:: TASK INSTRUCTIONS ::
Look below for the line that contains "Long Sleeve Bodysuit", then copy it and each following line exactly, through and including the line that contains "CKMZ32 — Колодки тормозные CTR".

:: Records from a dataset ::
- - - - -

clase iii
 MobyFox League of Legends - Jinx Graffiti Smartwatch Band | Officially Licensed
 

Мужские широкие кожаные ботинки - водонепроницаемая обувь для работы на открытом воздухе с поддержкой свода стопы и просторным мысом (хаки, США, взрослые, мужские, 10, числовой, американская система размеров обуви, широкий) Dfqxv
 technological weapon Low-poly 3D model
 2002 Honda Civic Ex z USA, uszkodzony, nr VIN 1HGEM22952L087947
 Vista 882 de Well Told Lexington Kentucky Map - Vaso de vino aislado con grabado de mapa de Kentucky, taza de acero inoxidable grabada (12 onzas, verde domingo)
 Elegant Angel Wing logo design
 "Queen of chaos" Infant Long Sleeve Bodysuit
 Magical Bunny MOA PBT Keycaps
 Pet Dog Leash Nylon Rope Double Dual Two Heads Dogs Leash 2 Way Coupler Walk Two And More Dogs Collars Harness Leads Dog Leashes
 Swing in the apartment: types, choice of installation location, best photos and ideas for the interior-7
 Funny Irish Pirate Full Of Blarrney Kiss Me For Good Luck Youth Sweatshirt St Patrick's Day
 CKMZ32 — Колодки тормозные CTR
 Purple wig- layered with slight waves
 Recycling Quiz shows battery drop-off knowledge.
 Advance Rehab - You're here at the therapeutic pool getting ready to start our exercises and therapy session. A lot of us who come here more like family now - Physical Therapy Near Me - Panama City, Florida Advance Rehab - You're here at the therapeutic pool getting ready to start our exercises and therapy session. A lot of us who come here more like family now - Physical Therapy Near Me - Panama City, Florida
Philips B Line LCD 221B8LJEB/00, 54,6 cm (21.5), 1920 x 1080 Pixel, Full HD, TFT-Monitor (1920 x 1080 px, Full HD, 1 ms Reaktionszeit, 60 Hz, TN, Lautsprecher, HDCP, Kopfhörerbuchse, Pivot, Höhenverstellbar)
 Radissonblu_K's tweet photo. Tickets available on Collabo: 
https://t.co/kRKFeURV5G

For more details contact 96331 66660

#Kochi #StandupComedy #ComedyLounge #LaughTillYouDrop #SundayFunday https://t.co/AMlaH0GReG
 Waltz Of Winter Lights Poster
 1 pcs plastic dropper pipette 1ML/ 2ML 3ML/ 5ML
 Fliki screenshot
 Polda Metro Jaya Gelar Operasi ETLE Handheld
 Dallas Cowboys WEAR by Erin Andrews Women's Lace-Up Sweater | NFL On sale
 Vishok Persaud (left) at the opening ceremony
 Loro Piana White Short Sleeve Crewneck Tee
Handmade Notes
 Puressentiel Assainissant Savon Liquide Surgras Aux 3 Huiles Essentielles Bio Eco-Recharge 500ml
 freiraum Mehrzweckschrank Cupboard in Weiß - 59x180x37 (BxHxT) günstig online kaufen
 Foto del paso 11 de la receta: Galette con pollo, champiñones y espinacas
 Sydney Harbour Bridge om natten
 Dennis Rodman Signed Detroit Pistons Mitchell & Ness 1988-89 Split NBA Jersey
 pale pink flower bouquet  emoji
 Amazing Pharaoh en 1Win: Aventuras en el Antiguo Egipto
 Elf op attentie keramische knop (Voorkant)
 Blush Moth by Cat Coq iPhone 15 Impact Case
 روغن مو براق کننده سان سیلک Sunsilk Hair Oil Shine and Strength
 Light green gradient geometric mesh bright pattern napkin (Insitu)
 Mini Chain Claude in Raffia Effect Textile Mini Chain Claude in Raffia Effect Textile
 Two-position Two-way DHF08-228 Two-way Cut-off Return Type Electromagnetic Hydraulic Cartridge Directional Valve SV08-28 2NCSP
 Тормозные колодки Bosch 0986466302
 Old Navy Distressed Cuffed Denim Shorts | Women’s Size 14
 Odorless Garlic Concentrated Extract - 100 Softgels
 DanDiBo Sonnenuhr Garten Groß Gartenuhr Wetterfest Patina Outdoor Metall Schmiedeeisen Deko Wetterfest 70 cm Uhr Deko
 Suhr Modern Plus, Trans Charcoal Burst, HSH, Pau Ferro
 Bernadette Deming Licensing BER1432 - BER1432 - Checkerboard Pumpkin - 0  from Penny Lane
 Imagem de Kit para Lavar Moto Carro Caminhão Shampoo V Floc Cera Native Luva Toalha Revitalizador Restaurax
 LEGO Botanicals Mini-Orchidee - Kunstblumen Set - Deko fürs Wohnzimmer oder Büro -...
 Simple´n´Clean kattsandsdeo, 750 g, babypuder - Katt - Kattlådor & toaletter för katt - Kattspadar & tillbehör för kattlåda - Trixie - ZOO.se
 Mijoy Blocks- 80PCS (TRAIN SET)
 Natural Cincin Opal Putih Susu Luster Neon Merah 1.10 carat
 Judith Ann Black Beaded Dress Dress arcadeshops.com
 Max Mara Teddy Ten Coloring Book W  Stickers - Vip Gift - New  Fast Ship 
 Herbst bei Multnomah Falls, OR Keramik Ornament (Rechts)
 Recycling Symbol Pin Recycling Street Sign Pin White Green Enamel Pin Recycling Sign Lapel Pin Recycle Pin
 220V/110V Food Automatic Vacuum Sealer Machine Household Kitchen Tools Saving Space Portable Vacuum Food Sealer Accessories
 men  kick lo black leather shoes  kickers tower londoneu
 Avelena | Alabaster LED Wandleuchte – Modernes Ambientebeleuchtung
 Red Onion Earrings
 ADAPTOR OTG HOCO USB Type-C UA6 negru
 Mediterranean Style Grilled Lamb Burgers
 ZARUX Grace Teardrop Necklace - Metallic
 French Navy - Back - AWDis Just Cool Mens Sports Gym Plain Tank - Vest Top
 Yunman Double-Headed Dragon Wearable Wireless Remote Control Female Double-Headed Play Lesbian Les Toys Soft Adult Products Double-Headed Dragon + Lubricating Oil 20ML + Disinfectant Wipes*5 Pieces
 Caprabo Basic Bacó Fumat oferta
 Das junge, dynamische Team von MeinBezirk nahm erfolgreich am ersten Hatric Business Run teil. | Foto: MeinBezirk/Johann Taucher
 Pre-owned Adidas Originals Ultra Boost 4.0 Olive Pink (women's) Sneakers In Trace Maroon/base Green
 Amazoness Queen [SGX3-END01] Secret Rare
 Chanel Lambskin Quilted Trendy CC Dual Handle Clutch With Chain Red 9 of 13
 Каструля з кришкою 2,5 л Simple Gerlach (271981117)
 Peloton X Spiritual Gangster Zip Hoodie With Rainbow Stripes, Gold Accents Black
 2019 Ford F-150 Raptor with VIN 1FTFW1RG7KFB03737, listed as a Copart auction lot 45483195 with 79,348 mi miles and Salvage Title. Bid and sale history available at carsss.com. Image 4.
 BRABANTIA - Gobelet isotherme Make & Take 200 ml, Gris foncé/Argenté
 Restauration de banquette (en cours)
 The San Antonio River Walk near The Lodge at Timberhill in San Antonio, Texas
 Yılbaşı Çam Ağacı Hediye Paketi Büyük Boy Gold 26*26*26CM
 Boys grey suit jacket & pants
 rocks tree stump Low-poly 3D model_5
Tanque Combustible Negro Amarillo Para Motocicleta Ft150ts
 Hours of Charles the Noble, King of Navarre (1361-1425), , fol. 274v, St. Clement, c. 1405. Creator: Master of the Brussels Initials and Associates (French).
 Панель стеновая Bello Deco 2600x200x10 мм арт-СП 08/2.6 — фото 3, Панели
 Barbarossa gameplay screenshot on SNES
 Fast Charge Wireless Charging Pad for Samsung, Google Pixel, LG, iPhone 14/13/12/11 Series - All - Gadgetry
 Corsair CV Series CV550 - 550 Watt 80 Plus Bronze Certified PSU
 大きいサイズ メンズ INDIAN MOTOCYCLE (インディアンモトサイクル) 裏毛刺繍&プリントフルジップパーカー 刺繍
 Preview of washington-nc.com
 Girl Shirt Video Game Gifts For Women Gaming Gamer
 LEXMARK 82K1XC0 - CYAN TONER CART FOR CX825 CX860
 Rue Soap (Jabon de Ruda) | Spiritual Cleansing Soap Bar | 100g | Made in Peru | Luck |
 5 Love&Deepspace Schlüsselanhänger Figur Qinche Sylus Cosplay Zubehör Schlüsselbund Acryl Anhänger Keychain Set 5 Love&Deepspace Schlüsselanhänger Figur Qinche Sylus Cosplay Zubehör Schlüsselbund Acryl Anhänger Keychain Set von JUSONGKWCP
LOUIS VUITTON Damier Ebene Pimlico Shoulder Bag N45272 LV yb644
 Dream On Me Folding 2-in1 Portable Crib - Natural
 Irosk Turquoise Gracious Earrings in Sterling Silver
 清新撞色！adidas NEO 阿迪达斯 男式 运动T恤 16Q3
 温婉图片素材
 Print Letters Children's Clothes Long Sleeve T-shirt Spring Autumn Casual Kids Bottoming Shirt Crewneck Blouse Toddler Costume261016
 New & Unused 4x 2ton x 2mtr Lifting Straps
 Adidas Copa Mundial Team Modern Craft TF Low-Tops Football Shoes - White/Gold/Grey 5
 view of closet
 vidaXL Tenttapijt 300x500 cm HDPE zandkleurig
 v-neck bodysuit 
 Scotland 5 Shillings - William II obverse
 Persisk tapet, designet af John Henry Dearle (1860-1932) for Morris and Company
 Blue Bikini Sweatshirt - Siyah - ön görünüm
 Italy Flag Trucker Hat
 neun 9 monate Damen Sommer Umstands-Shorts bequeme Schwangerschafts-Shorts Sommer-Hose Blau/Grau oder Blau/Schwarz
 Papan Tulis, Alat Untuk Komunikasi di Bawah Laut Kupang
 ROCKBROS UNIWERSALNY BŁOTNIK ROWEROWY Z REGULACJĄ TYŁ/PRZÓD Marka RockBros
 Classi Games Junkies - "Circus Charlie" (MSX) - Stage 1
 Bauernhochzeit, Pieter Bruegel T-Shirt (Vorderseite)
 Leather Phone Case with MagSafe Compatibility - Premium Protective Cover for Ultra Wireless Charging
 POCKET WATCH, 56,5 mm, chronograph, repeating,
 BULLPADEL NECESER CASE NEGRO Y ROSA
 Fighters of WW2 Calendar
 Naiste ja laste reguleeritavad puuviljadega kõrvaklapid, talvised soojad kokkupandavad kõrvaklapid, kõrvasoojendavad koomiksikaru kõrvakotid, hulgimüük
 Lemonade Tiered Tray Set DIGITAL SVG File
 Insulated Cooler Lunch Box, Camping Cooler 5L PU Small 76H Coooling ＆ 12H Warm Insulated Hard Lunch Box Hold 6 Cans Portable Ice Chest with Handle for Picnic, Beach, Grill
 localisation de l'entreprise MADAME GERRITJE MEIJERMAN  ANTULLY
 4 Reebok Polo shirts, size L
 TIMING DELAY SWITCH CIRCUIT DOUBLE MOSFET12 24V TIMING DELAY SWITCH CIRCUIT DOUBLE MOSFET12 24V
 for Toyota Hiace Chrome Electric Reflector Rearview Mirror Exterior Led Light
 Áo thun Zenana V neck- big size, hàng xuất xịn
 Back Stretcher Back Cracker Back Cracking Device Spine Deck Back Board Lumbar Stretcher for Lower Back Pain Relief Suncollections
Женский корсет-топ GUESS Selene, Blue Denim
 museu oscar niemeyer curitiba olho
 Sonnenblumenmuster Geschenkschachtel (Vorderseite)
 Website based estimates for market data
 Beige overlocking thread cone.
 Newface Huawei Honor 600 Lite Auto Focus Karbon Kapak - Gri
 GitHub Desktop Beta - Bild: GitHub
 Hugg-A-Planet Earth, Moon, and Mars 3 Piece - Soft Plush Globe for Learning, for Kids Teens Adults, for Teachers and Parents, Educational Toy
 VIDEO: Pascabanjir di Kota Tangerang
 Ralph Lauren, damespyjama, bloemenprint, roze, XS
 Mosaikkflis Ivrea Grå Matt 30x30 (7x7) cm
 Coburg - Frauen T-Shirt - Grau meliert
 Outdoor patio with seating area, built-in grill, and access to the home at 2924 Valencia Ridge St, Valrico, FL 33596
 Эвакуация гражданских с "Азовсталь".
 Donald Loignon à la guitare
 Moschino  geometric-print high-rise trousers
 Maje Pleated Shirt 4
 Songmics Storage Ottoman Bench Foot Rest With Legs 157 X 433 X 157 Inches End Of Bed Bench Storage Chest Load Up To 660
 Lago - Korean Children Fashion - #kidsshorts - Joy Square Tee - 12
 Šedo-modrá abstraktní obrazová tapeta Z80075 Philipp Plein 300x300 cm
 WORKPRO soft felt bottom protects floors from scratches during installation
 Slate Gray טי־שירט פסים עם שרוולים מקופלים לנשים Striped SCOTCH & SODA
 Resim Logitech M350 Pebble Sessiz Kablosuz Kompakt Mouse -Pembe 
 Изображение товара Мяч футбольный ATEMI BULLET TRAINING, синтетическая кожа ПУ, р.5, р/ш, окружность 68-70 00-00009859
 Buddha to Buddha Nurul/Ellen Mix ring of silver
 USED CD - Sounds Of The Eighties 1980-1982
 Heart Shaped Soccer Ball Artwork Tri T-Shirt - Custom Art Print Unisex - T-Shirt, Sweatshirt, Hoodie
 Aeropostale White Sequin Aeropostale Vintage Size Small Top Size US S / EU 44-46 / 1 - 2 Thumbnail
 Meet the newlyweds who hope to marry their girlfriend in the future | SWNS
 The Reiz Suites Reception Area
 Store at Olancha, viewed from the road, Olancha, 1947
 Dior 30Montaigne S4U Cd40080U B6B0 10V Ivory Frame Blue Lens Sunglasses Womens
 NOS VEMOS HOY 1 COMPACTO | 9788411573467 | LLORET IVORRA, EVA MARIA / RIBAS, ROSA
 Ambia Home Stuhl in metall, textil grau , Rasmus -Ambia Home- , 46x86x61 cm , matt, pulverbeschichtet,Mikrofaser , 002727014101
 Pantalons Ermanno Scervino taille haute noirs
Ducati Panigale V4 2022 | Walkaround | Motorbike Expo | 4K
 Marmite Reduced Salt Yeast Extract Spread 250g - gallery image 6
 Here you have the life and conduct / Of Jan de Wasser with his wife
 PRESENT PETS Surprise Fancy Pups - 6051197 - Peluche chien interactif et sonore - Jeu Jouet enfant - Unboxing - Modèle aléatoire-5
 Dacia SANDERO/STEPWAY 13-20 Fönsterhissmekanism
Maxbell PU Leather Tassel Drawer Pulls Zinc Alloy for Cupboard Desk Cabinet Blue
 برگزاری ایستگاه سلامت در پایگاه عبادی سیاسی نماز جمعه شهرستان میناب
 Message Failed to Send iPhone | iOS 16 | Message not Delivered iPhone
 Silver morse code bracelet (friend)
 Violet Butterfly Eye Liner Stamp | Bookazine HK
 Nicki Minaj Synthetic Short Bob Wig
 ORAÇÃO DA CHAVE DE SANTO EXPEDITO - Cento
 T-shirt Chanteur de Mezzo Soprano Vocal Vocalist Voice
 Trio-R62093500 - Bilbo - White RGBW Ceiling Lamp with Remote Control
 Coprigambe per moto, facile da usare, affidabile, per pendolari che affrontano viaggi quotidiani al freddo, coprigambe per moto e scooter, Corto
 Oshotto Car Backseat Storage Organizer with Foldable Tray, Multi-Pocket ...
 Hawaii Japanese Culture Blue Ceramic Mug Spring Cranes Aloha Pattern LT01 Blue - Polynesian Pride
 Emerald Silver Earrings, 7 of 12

- - - - -

:: EXERCISE ANSWER ::
 "Queen of chaos" Infant Long Sleeve Bodysuit
 Magical Bunny MOA PBT Keycaps
 Pet Dog Leash Nylon Rope Double Dual Two Heads Dogs Leash 2 Way Coupler Walk Two And More Dogs Collars Harness Leads Dog Leashes
 Swing in the apartment: types, choice of installation location, best photos and ideas for the interior-7
 Funny Irish Pirate Full Of Blarrney Kiss Me For Good Luck Youth Sweatshirt St Patrick's Day
 CKMZ32 — Колодки тормозные CTR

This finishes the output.